Può perdere il lavoro il dipendente che discute con il collega e lo aggredisce per futili motivi

Aggredire il collega può costare il posto di lavoro

Rigettato il ricorso di un dipendente d’azienda che aveva impugnato il licenziamento disciplinare intimatogli per essere venuto a diverbio con una collega e averla aggredita per futili motivi. La Corte di Cassazione, confermando la sentenza della Corte d’Appello di Napoli, ha ritenuto la sanzione (il licenziamento, quindi), proporzionata alla condotta del lavoratore e alla sua mancanza di autocontrollo nei confronti della persona con cui ha discusso, poiché tale condotta ha messo in dubbio l’affidabilità futura del dipendente.

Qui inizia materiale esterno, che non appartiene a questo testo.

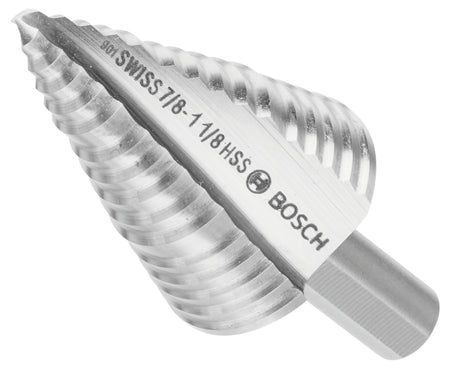 Bosch SDC4 1/4 In. to 7/8 In. High-Speed Steel Turbo Step Drill Bit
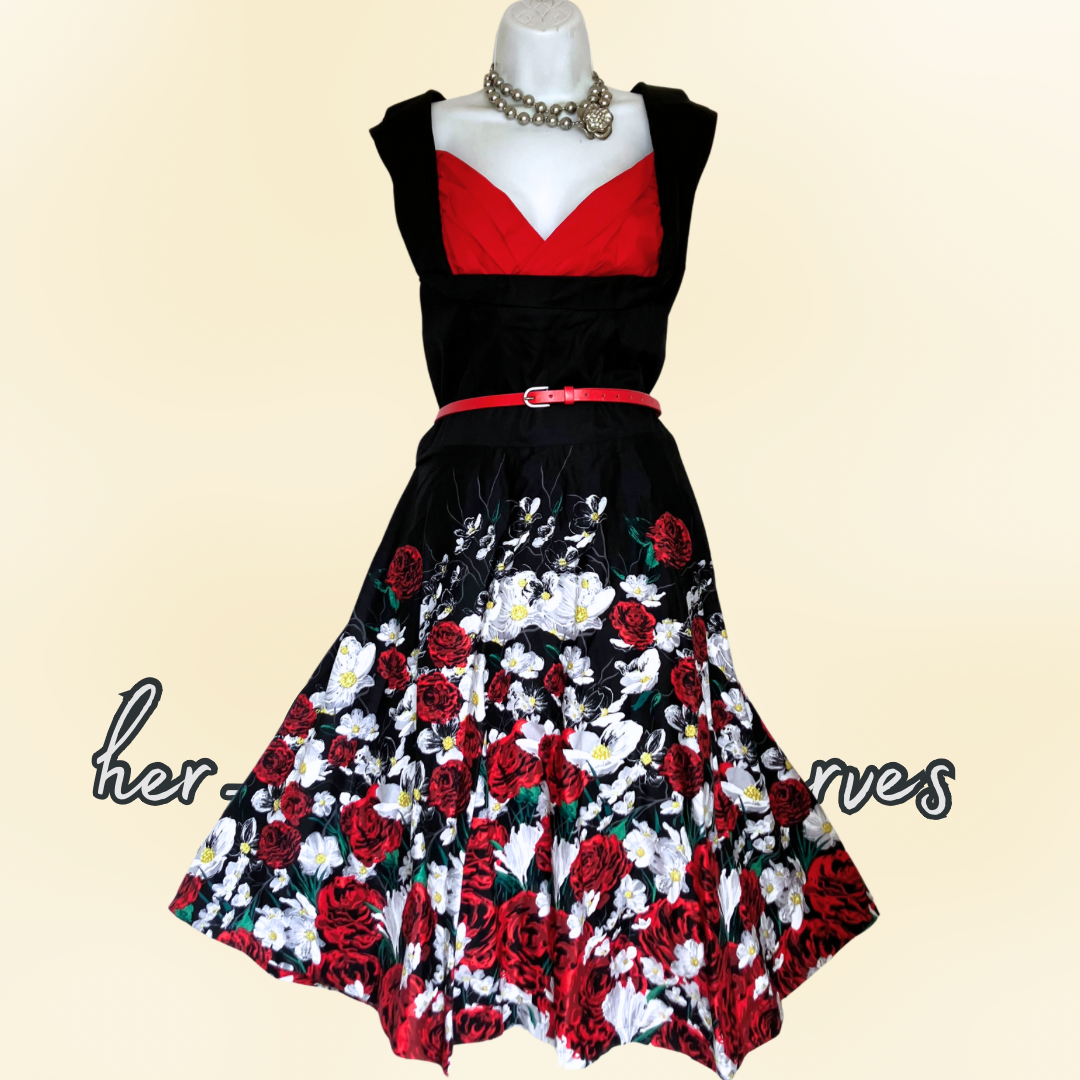 LINDY BOP ROSES PRINT VINTAGE STYLE OCCASION PARTY DRESS SIZE 22 new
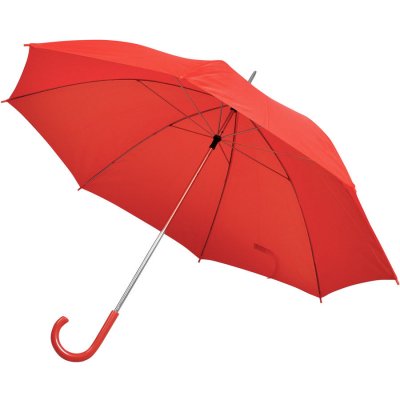 Зонт-трость с пластиковой ручкой, механический; красный; D=103 см; 100% полиэстер 190 T Красный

Davanti alla Corte, l’uomo ha contestato il licenziamento e parlato di incongruità tra atto e sanzione. Secondo l’ex dipendente, infatti, il provvedimento non sarebbe stato valutato legittimo dal Tribunale in base all’aggressione in sé, ma bensì basandosi sulla testimonianza della teste vittima dell’aggressione. I giudici hanno però confermato la loro decisione, soprattutto in virtù del fatto che una terza persona ha testimoniato confermando il fatto avvenuto di cui aveva avuto cognizione diretta ed integrale.

Alla luce delle testimonianze, i giudici hanno dato risalto all’incapacità di autocontrollo mostrata dal ricorrente. Soprattutto in relazione all’ambiente in cui si trovava. Nonché alla persona con la quale era venuto a diverbio e alle futili ragioni che lo muovevano. Tutti questi elementi hanno inciso notevolmente sul piano dell’affidamento sul futuro rispetto della disciplina aziendale e delle regole del vivere civile, motivi che hanno reso il licenziamento una sanzione proporzionata.

Lo studio legale CTSA Tommasini di Verona è composto da uno staff di avvocati competenti, esperti in diritto del lavoro, pronto a sostenervi in difesa dei diritti del lavoratore, aiutandovi in caso di licenziamenti.

Qui un estratto dalla sentenza della Cassazione n. 1945/2018:

“[…] il convincimento espresso dalla Corte territoriale in ordine alla riferibilità al ricorrente dell’addebito contestato, almeno per quel che riguarda il nucleo essenziale dato dall’aggressione fisica in danno della collega, risulta sorretto dal riferimento alla sola testimonianza ritenuta attendibile in quanto basata sulla cognizione diretta ed integrale dell’episodio.”

“[…] avendo la Corte medesima puntualmente proceduta alla detta valutazione e con specifica attenzione al profilo di cui si è comunque adombrata l’omessa considerazione, dato dal vulnus che l’incapacità di autocontrollo mostrata dal ricorrente a fronte dell’ambiente in cui si trovava, della persona con la quale era venuta a diverbio e delle futili ragioni che lo muovevano inducono sul piano dell’affidamento sul futuro rispetto della disciplina aziendale e delle regole del vivere civile.”